About 20 minutes after receiving that sales information from Morris, Elysium—intending to deceive ChromaDex—requested the exact same information from Jaksch by email, claiming that it needed “sales and price data of NR that ChromaDex has sold to other customers” for a potential investor. (Ex. 8 at 111.) Jaksch, faithful to ChromaDex’s policy of not sharing its trade secret sales information, told Elysium that he was “not sure how much [he was] going to be able to share about other NR customer relationships.”

I don't have a guess right now about how the Court is going to rule on this evidentiary issue, but it looks like Elysium's eventual attempt to inflame the jury with this evidence might not work, whether they are allowed to call it a "fraudulent spreadsheet" in opening statements or not.

Royalty Refunds. It strikes me as self-evident that ChromaDex's attempt to moot he patent misuse claim is not evidence that the claim was real, and thus this evidence absolutely should not be admitted for this purpose. Does ChromaDex make the point in a compelling manner?

To assess whether the Purge was an admission (it was not) or, instead, a practical business decision aimed at eliminating one aspect of a legal dispute (as it was), the parties would need to present additional evidence as to reasons behind and for ChromaDex’s decision, as well as argue to the jury the complexities of the patent misuse defense and the purge doctrine. The Court would also need to explain to the jury the obscure legal principles of “patent misuse” and “purge,” which are equitable issues “noted to be fraught with potential abuse, including ‘unfair prejudice, confusion of issues, or misleading the jury,’ resulting in the loss of ‘fundamental fairness of the adjudication.’” Cordance Corp. v. Amazon.com, Inc., 2009 WL 2252556, at *1 (D. Del. July 28, 2009) (citation omitted). Conducting such a mini-trial on the Purge would add “palpable delay” and “carry a substantial risk of confusing the jury.” Fed. R. Evid. 403. Therefore, to avoid unnecessary delay and the risk of prejudice to ChromaDex, Defendants should be precluded from presenting evidence and argument related to the Purge to the jury.

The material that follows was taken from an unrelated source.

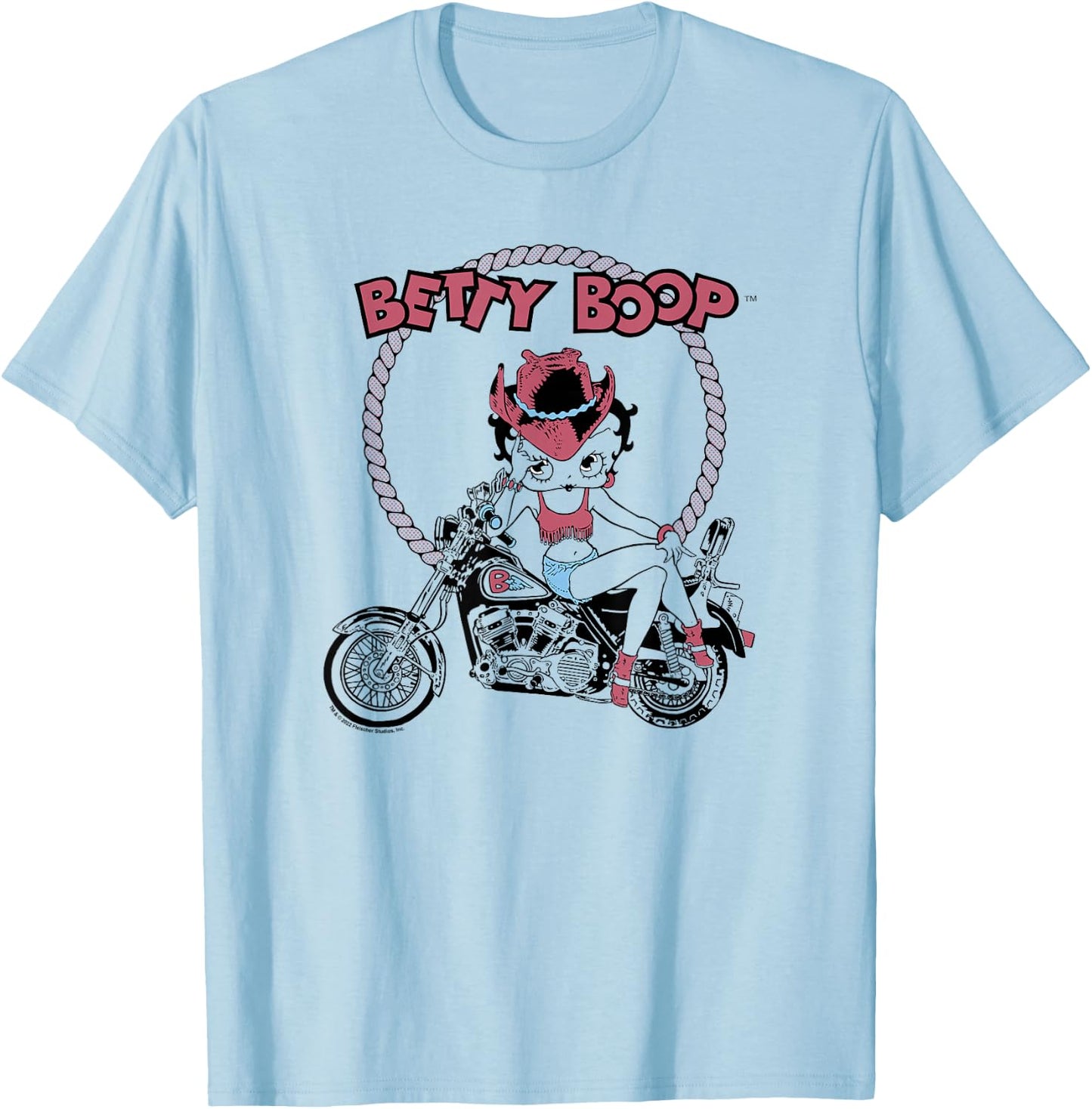 Betty Boop Cowgirl Biker Sitting Pose Outline T-Shirt - T-Shirt | Light Blue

That certainly makes sense to me; I don't know whether it's legally compelling. In any case, ChromaDex says it is ALSO going to ask the Court to take the Patent Misuse issue away from the jury because there is no jury trial right on an equitable defense.

CONCLUSION

ChromaDex is going to get some favorable rulings here -- maybe all of them -- although I am less certain about the last two, "fraudulent spreadsheet" and "royalty refunds."